## Data section:
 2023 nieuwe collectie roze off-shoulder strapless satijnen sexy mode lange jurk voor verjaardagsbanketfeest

* * *

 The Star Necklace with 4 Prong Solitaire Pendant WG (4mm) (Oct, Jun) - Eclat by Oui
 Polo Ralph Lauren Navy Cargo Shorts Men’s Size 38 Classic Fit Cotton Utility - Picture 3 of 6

...

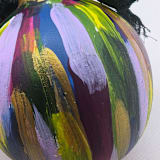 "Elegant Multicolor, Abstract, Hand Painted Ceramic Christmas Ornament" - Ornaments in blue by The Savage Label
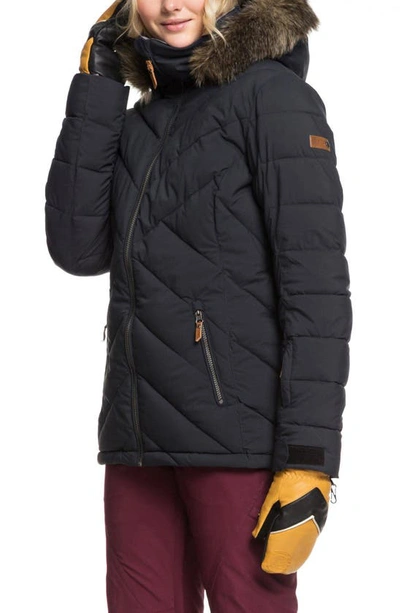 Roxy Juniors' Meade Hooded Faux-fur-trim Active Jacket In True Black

## How to complete this task:
Print only what lies in the material above starting at the line with "The Star Necklace" and ending at the line with "Polo Ralph Lauren", every line exactly as given.

## Finished task:
 The Star Necklace with 4 Prong Solitaire Pendant WG (4mm) (Oct, Jun) - Eclat by Oui
 Polo Ralph Lauren Navy Cargo Shorts Men’s Size 38 Classic Fit Cotton Utility - Picture 3 of 6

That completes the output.